Introduction:
The current coronavirus disease 2019 (COVID-19) pandemic caused by severe acute respiratory syndrome coronavirus 2 (SARS-CoV-2) is associated with high mortality and an exponential human-to-human transmission rate. Therefore identifying, testing and isolating possible cases is vital to reducing the disease burden.

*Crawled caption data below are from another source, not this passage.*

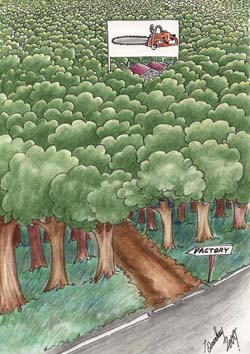 international cartoon competitions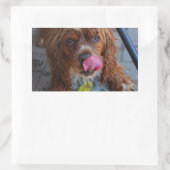 Natte hond met een Banaan Rechthoekige Sticker (Tas)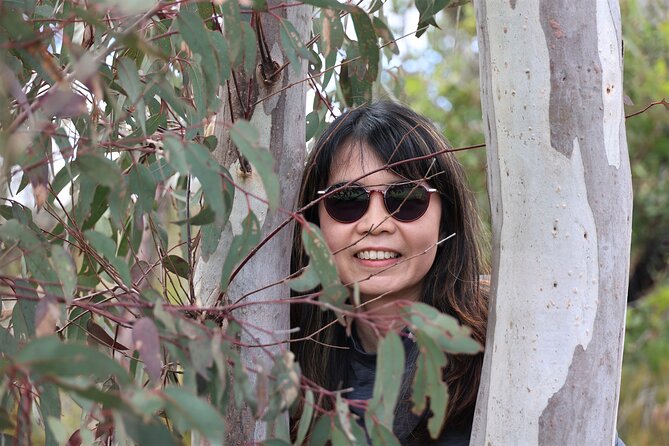 Blue Mountains Private Tour - Leura and Flexible Bushwalk Options (Without Guesswork)
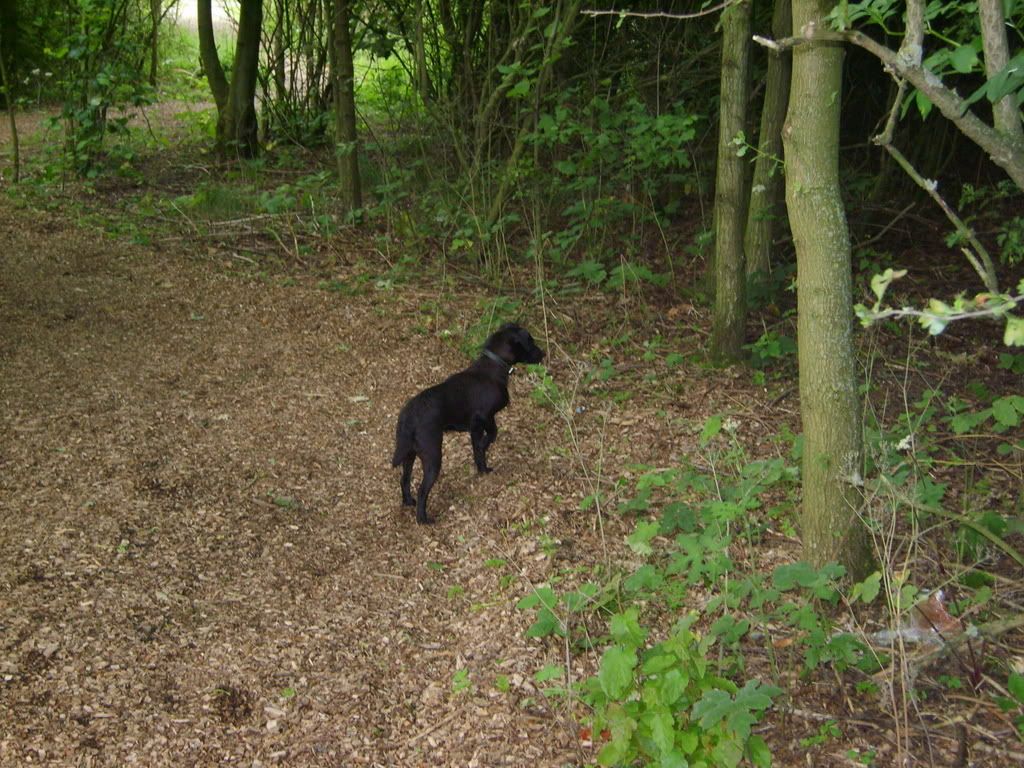 dogs014-1.jpg
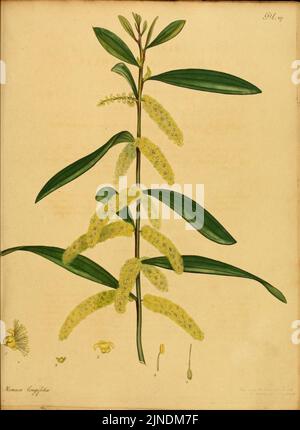Il botanico's repository per i nuovi e piante rare (9612288691) Foto Stock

Anosmia is often reported with several upper respiratory tract infections (URTI) but unlike these, SARS-COV2 is not associated with nasal blockage and discharge.1 Vaira et al suggested that chemoreceptor dysfunction occurred in >19% of their 320 COVID-19 cases and that this may be an early symptom or the only manifestation in otherwise asymptomatic patients.2However, a European multicentre study of 417 mild-moderate COVID-19 patients showed >85% of patients had olfactory or taste disorders (OTD).3 Following reports from abroad and anecdotal evidence in the UK, ENT UK recommended that anosmia be recognised as a marker of COVID-19 and as such, patients with this symptom be treated as suspected cases and should self-isolate.4,5
Based on Public Health England guidance, our hospital uses 3 cardinal symptoms to test and isolate patients and staff. These are a new dry cough, shortness of breath and fever >37.5C. The purpose of this study was to identify the prevalence of potential symptoms of COVID-19, including OTDs in a UK-based population with confirmed infection. A better understanding could help identify potential cases and determine whether the ENT UK recommendation should be adopted locally, with a significant impact on patient triage and the clinical workforce.